Another hot one, 80F at 6am. Forecast for record heat.
Whether we’re swirling around the edge of the toilet bowl, or at the dawn of a new age, it’s pretty clear that big changes are happening in the world. The march to war might be delayed a bit, or we might be getting played while our enemies align themselves and get ready. We might be headed toward civil war, as people on both sides seem almost to yearn for it. Who knows?
Or we might be headed into a general collapse. I think it’s well underway and we just don’t see the signs. Today is pretty much like yesterday, and so it’s been throughout history. Certainly our star is not ascending.
We have MASSIVE homelessness. We have a stunning number of people on welfare and other forms of .gov aid. We have lost control of our borders to the point that somewhere around 10% of the population is currently foreign invaders. They have spread throughout the nation, and are suddenly visible, like when a geometric progression doubles to the point you see it, then doubles again… just consider the number of machete attacks.
If people defecating in the streets, gangs pulling people out of buildings and hacking them to death, and record low workforce participation rates aren’t enough, consider the rise of socialism in our political realm. This is an idea that is opposite to our national character, but the long march has been so effective that openly socialist candidates can win party primaries. Our elites get wealthier, while our ‘normals’ get poorer, and civic institutions degrade. [consider than when I was young, it was entirely normal that a man in a skilled trade, as the sole breadwinner, would be able to afford a cabin on a lake, a pontoon boat, snowmobiles, a camper, etc. Contrast that to today.]

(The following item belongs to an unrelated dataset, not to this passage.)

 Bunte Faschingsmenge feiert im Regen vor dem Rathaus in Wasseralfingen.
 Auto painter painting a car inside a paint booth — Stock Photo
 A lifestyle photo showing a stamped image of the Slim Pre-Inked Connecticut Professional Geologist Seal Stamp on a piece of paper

The very things we establish government to provide are no longer working. Clean water. Education. Safety and rule of law. Public works infrastructure.
Consider just thirty years ago. What was the relationship of the public to cops? Bottled water? Aid organizations? Refugees? What did inner cities look like? Gangs? Public infrastructure? What was public morality like? What was cultural sexuality like? Cultural violence?
Consider 40 years. 50.
I think we don’t see it because we are too close to the problem. Convince me otherwise. Or what have you done to prep this week??